Santiranjan Shannigrahi, and his colleagues from A*STAR’s Institute of Materials Research and Engineering and Institute of High Performance Computing, have developed a method for making a KNN based ceramic material that has the potential for replacing PLZT.

KNN crystals after modification and addition of lanthanum ions.

© 2018 A*STAR Institute of Materials Research and Engineering

“Developing a lead-free, stable ceramic for practical applications was our key aim,” explains Shannigrahi. “For some time now KNN has shown promise as a potential alternative to PLZT, but KNN-based ceramics suffer from a number of intrinsic issues, such as the low density of large, cube-shaped particles that allow moisture to be absorbed, making them unstable and therefore unsuitable for practical use.”

The KNN crystals are modified into nano-sized, nearly spherical particles arranged in a perovskite lattice arrangement. Potassium and sodium ions are located at the corners of the cubed-shaped lattice, oxygen ions at the faces, and niobium ions at the center. The researchers then replaced a proportion of the niobium ions with lanthanum ions, changing the crystal size and structure and creating a completely new material whose magnetic and optical properties can be tuned when exposed to UV.
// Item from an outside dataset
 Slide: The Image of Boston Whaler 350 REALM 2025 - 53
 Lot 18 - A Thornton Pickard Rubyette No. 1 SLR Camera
The new material completely absorbs UV light when illuminated, turning into a deep blue color. This is accompanied with a significant increase in magnetization. Interestingly, it returns to its original color and magnetization once illumination ceases.

“These modifications produced a semitransparent ceramic with nano-sized, spherical particles with a density of approximately 98 per cent of the theoretical potential,” says Shannigrahi.

The new material could be used in a range of applications, including powerless UV sensors, optical switches and detectors, and for UV protection in sunscreens.

“Our work could lead to a more environmentally friendly alternative to PLZT, and we are now engaging industrial partners for further development,” says Shannigrahi.

The A*STAR-affiliated researchers contributing to this research are from the Institute of Materials Research and Engineering and the Institute of High Performance Computing.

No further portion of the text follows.